Cette évolution pose un problème méthodologique aux bureaux d'études et aux installateurs. La conception d'un projet solaire repose encore souvent sur deux logiciels distincts : un outil de simulation pour la partie DC, un outil de dimensionnement électrique pour la partie AC. Résultat : un angle mort sur les impacts de la centrale PV sur l'installation électrique, des données ressaisies manuellement d'un outil à l'autre, des hypothèses techniques qui divergent entre les deux études.

Cohérence DC/AC : un enjeu technique et normatif


La séparation entre étude PV et étude électrique n'est pas anodine sur le plan normatif. La conception d'une installation photovoltaïque est encadrée par le guide UTE C 15-712-1 pour la partie DC, et par la norme NF C 15-100 pour la partie AC. Ces deux référentiels doivent être appliqués de manière cohérente sur l'ensemble du projet.

Or lorsque les études DC et AC sont réalisées dans des environnements distincts, certains paramètres essentiels risquent d’être insuffisamment pris en compte : contribution du photovoltaïque aux courants de court-circuit, coordination des protections et des parafoudres sur les deux domaines de tension, ou encore l’impact de la réinjection d’énergie sur le reste de l’installation électrique. Cette fragmentation peut entraîner des incohérences de dimensionnement et compliquer la validation finale du projet.

L’enjeu devient d’autant plus critique lorsque la centrale photovoltaïque est raccordée directement au réseau HTA du site, avec un impact direct sur le plan de protection global et sur les flux de puissance.

Une approche unifiée, du DC jusqu'au raccordement réseau


Face à ces enjeux, Trace Software propose avec elec calc SOLAR une approche qui intègre le dimensionnement photovoltaïque directement dans l'étude électrique. La partie courant continu (chaînes de modules, entrées MPPT, onduleurs, protections et parafoudres DC) est dimensionnée selon le guide UTE C 15-712-1 dans le même environnement que la partie AC. Les calculs multi-sources propagent immédiatement toute modification à l'ensemble de l'étude. Les contrôles normatifs sont appliqués en continu, et non en étape finale.

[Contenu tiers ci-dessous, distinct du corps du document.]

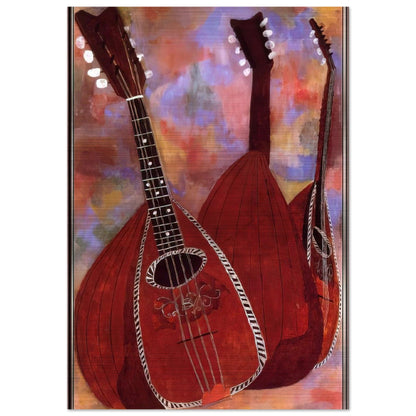 THREE LUTES - Ben Shahn Brushed Aluminum Print - 70x100 cm / 28x40 inches | Ben Shahn Aluminum Print | Ben Shahn Prints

La modélisation est libre, sans circuit type imposé. L'installation est représentée telle qu'elle sera construite : ombrière, toiture industrielle multi-onduleurs ou centrale au sol. Les usages du site avec les bornes IRVE et l’ensemble de la distribution électrique jusqu’aux charges (autoconsommation...) sont intégrés dans le même projet. Le raccordement réseau est pris en charge en BT ou via transformateur HT-BT, avec extension possible jusqu'au réseau HTA pour les projets de plus grande envergure.

La continuité avec archelios PRO, logiciel de conception et simulation photovoltaïque, permet d'importer l'architecture PV sans ressaisie. Le dossier technique tels que notes de calcul, schémas électriques, nomenclatures, est généré automatiquement, conforme aux exigences ELIE BT 2025 reconnues par les bureaux de contrôle.